ECLI:NL:CRVB:2005:AS4049
Centrale Raad van Beroep
- Eerste aanleg - enkelvoudig
- H.R. Geerling-Brouwer
- Rechtspraak.nl
Verzet tegen niet-ontvankelijkverklaring van hoger beroep wegens termijnoverschrijding
In deze zaak gaat het om een verzet tegen de niet-ontvankelijkverklaring van een hoger beroep wegens termijnoverschrijding. De Centrale Raad van Beroep heeft op 27 mei 2004 een uitspraak gedaan waarbij het beroep van de opposant tegen een besluit van de Pensioen- en Uitkeringsraad, genomen op 31 oktober 2003, niet-ontvankelijk werd verklaard. De opposant heeft hiertegen verzet aangetekend en op 3 december 2004 een faxbericht gestuurd waarin hij zijn verzet nader toelichtte, vergezeld van een medische verklaring.
De behandeling van het verzet vond plaats op 9 december 2004, waarbij de opposant niet aanwezig was. De geopposeerde, vertegenwoordigd door J.J.G.A. Theelen, heeft de zaak toegelicht. De Raad heeft vastgesteld dat de opposant in zijn verzet geen gronden heeft aangevoerd die tot gegrondverklaring van het verzet kunnen leiden. De Raad oordeelt dat de opposant met het te laat indienen van zijn beroepschrift in verzuim is geweest.
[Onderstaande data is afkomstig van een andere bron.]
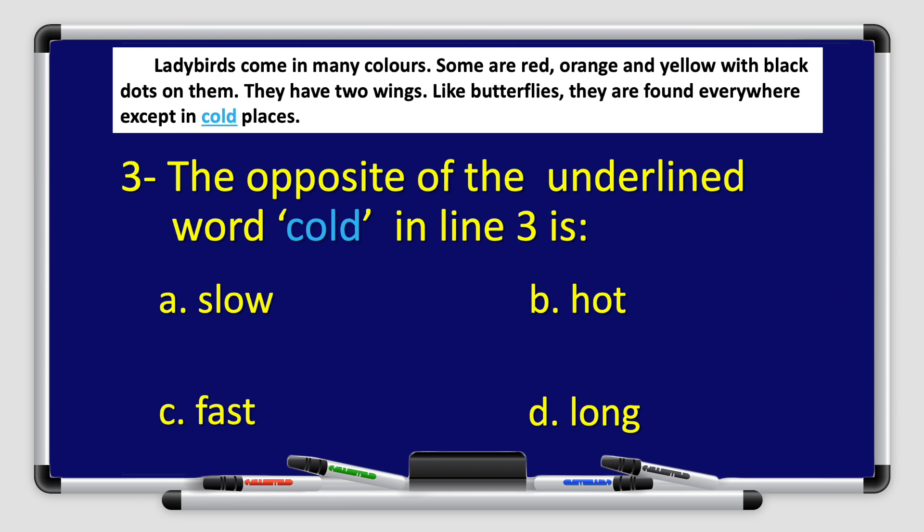Number three: the opposite of the underlined word 'cold' in line number three is — A. Slow, B. Hot, C. Fast, or D. Long. Go back to the paragraph, read and find the answer. Ladybirds are found everywhere except in cold places. So what's the opposite of cold? That's right — it's hot. The answer is B. Hot.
De Raad heeft overwogen dat de door de opposant aangevoerde redenen, waaronder ernstige medische omstandigheden en het overlijden van zijn dochter, niet voldoende onderbouwd zijn om aan te nemen dat hij gedurende de gehele beroepstermijn niet in staat was om een beroepschrift in te dienen. De medische verklaring die is ingediend, biedt geen steun voor deze stelling. Daarom heeft de Raad besloten het verzet ongegrond te verklaren en geen termen aanwezig geacht voor vergoeding van proceskosten.
De uitspraak is gedaan door mr. H.R. Geerling-Brouwer, in tegenwoordigheid van griffier E. Heemsbergen, en is openbaar uitgesproken op 20 januari 2005.